Earlier this week, a Politico piece by Eric Posner (Chicago Law) and Glen Weyl (Microsoft Research) started to bounce around in progressive labor and twitter circles. It’s entitled “Sponsor An Immigrant Yourself,” and proposes  a new “Visas Between Individuals” program through which, they assert, “native workers rather than corporations” could reap the benefits of liberalized immigration.

Weyl has already expressed regrets about the tone and title of the piece, but has said that he “stands by the argument.” Tone and title aside, however, the proposal itself replicates many of the worst aspects of existing guestwork programs – so much so, in fact, that it could relegate many migrants to debt servitude.

Here’s the core of the proposal, in Posner and Weyl’s own words:

Imagine a woman named Mary Turner, who lives in Wheeling, West Virginia. She was recently laid off from a chicken-processing plant and makes ends meet by walking and taking care of her neighbors’ pets. Mary could expand her little business by hiring some workers, but no one in the area would accept a wage she can afford. Mary goes online—to a new kind of international gig economy website, a Fiverr for immigrants—and applies to sponsor a migrant. She enters information about what she needs: someone with rudimentary English skills, no criminal record and an affection for animals. She offers a room in her basement, meals and $5 an hour. (Sponsors under this program would be exempt from paying minimum wage.) The website offers Mary some matches—people living in foreign countries who would like to spend some time in the United States and earn some money. After some back and forth, Mary interviews a woman named Sofia who lives in Paraguay

Sofia, who grew up in a village, has endured hardships that few Americans can imagine. She is eager to earn some money so that she could move to her nation’s capital city and get some vocational training. A few weeks later, Sofia arrives in Wheeling, after taking a one-week training course on American ways. If things don’t work out, the agency that runs the website will find a new match for Sofia, and Mary will find someone new as well.

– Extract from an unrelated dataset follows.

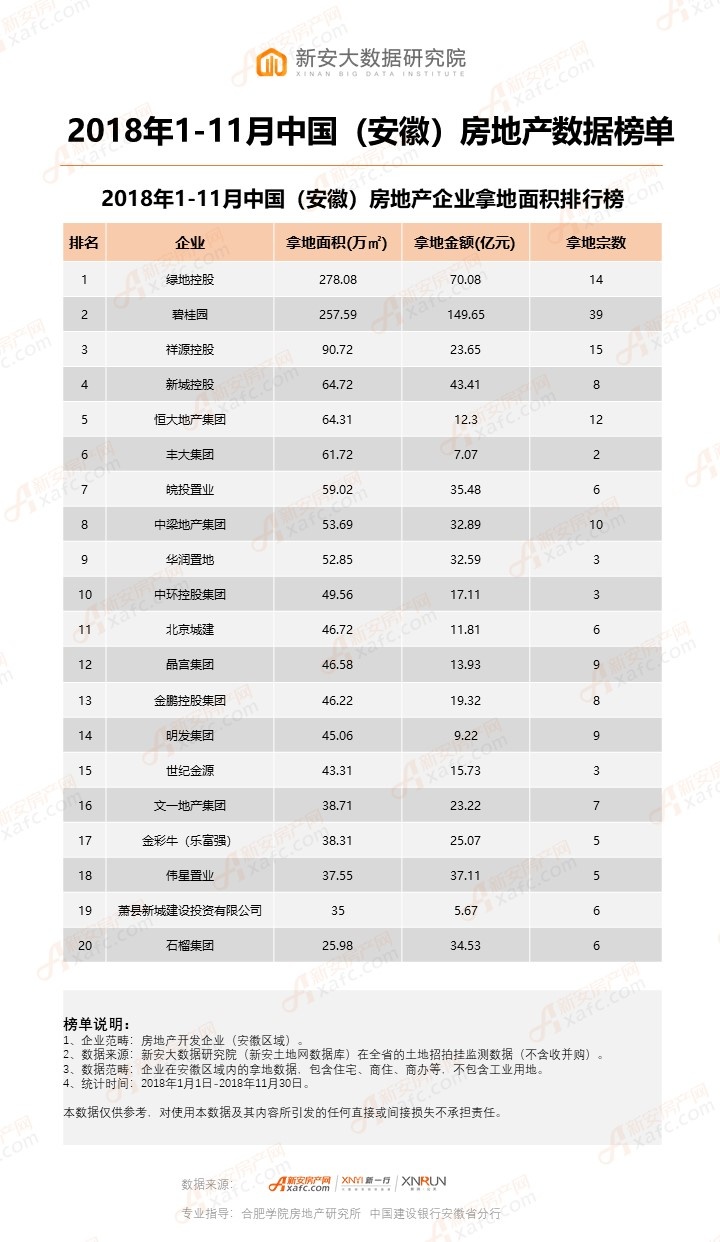 2018年1-11月中国(安徽)房地产企业拿地面积排行榜.jpg 2018年1-11月中国(安徽)房地产企业拿地面积排行榜.jpg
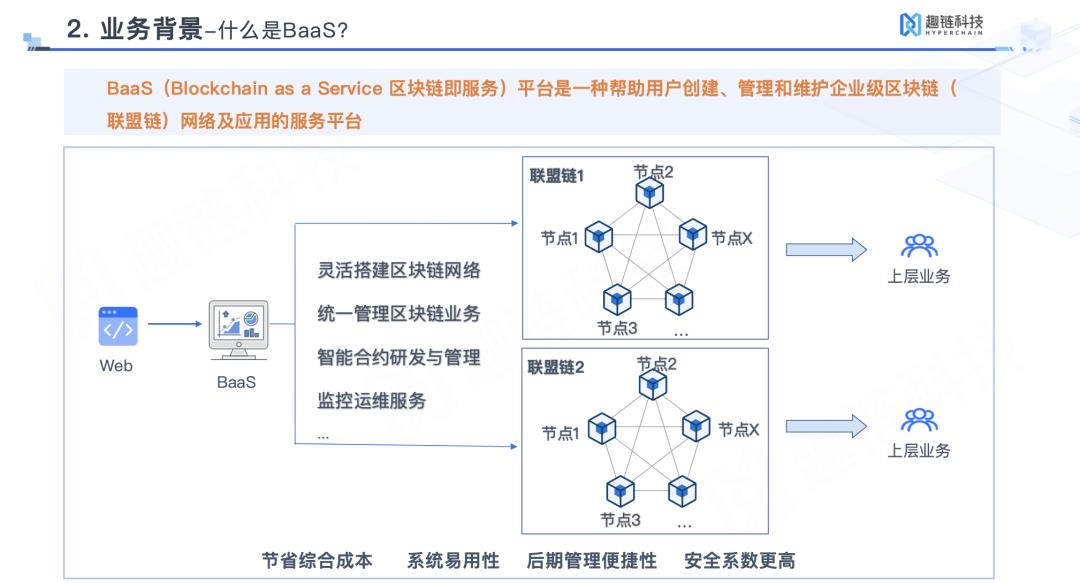 舍弃Kong和Nginx，Apache APISIX 在趣链科技 BaaS 平台的落地实践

Each family would be permitted to sponsor up to four migrants through this program, thus boosting their income by $10,000 to $20,000. “The reason,” they explain, “is that migrants to the United States usually increase their wages many times, allowing them to pay as much as $6,000 to hosts for sponsorships.” In addition to dog walking or household labor, Posner and Weyl imagine other uses to which migrants could be put – and here I use the passive voice intentionally – including leasing them out to factories, farms, or other businesses.

Posner and Weyl are surely well-intentioned. The notion that liberalizing immigration (if not in the way the authors propose) would have important poverty-reducing effects on a global scale has strong support in the literature, for example in the work of Dani Rodrik. The authors also want to ensure that the benefits of immigration to extend to non-elites rather than being captured by shareholders of companies that hire immigrants, which is a laudable goal.

But the proposal seems to tolerate or even embrace various practices that labor migration scholars and worker organizations have roundly condemned, including restrictions on migrants’ ability to leave abusive employment relationships, and toleration of migrants’ purchasing the right to enter the country. As a result, the proposal would not actually grant migrants any real freedom to enter and compete in our labor markets. Indeed, many could end up having to pay off a debt through work — which is the legal definition of peonage, or debt servitude.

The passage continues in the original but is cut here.